§ **Exercise brief**
A faithful, word-for-word copy of the data below is required, without pictures.

§ **Given data**
#####
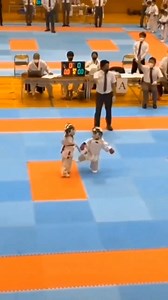 He's hopping his way to a world title! | Karate Combat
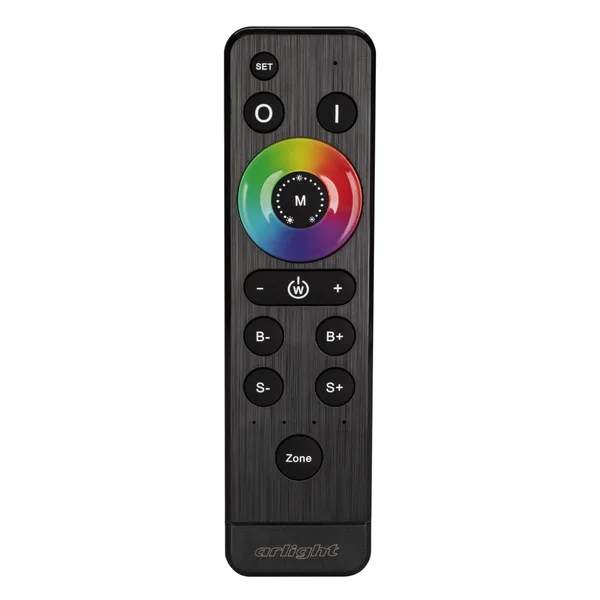 Пульт ARL-1022-SIRIUS-RGBW Black 4 зоны, 2.4G IP20 Arlight — фото 4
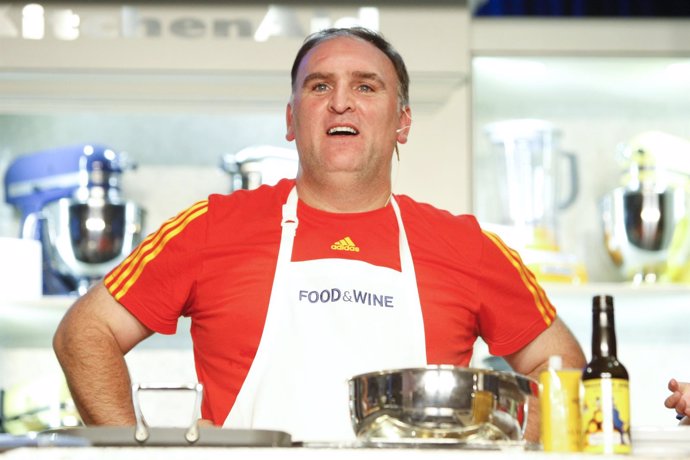 El Cocinero Español José Andrés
#####
§ **Output**
 He's hopping his way to a world title! | Karate Combat
 Пульт ARL-1022-SIRIUS-RGBW Black 4 зоны, 2.4G IP20 Arlight — фото 4
 El Cocinero Español José Andrés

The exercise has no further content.